For the function 𝑓∶ℝ×ℝ→ℝ defined by 𝑓(𝑥, 𝑦)=2𝑥²-𝑥𝑦-3𝑦 ²-3𝑥+7𝑦 , the point (1,1) is

• A. a point of local maximum
• B. a point of local minimum
• C. a saddle point
• D. NOT a critical point

Answer 1

The Correct Option is C

To determine the nature of the point \((1, 1)\) for the function \(f(x, y) = 2x^2 - xy - 3y^2 - 3x + 7y\), we will use the second derivative test for functions of two variables.

First, find the first partial derivatives: 

• \(f_x = \frac{\partial f}{\partial x} = 4x - y - 3\).
• \(f_y = \frac{\partial f}{\partial y} = -x - 6y + 7\).

Setting these partial derivatives to zero, we find critical points.

Solving \(4x - y - 3 = 0\) and \(-x - 6y + 7 = 0\):

• From \(4x - y - 3 = 0\), we have \(y = 4x - 3\).
• Substitute \(y = 4x - 3\) into \(-x - 6y + 7 = 0\):
  • \(-x - 6(4x - 3) + 7 = 0\)
  • \(-x - 24x + 18 + 7 = 0\)
  • \(-25x + 25 = 0 \Rightarrow x = 1\)
• Then \(y = 4(1) - 3 = 1\)

So, the point \((1, 1)\) is a critical point.
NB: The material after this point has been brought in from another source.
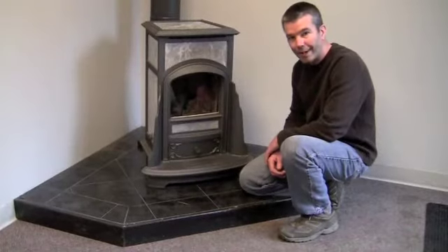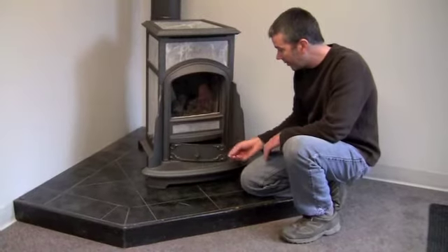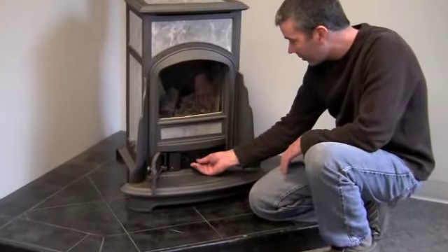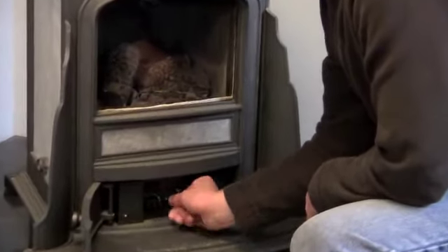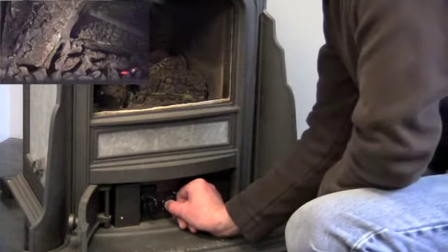Your Cottage Franklin gas stove has a manual ignition system. It's a piezo igniter located right behind the door at the bottom of the stove. The knob on the right — push it in, turn it until the pilot flame lights. You can see it in the bottom right corner of the firebox.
Next, find the second order partial derivatives:

• \(f_{xx} = \frac{\partial^2 f}{\partial x^2} = 4\).
• \(f_{yy} = \frac{\partial^2 f}{\partial y^2} = -6\).
• \(f_{xy} = f_{yx} = \frac{\partial^2 f}{\partial x \partial y} = -1\).

The second derivative test for functions of two variables involves calculating the determinant of the Hessian matrix at the critical point:

Hessian Matrix, \(H = \begin{bmatrix} f_{xx} & f_{xy} \\ f_{yx} & f_{yy} \end{bmatrix}\)
\(= \begin{bmatrix} 4 & -1 \\ -1 & -6 \end{bmatrix}\)

Calculate the determinant of this matrix:

• \(D = f_{xx}f_{yy} - (f_{xy})^2 = (4)(-6) - (-1)^2 = -24 - 1 = -25\)

Since \(D < 0\), the point \((1, 1)\) is a saddle point.

Thus, the correct answer is: a saddle point.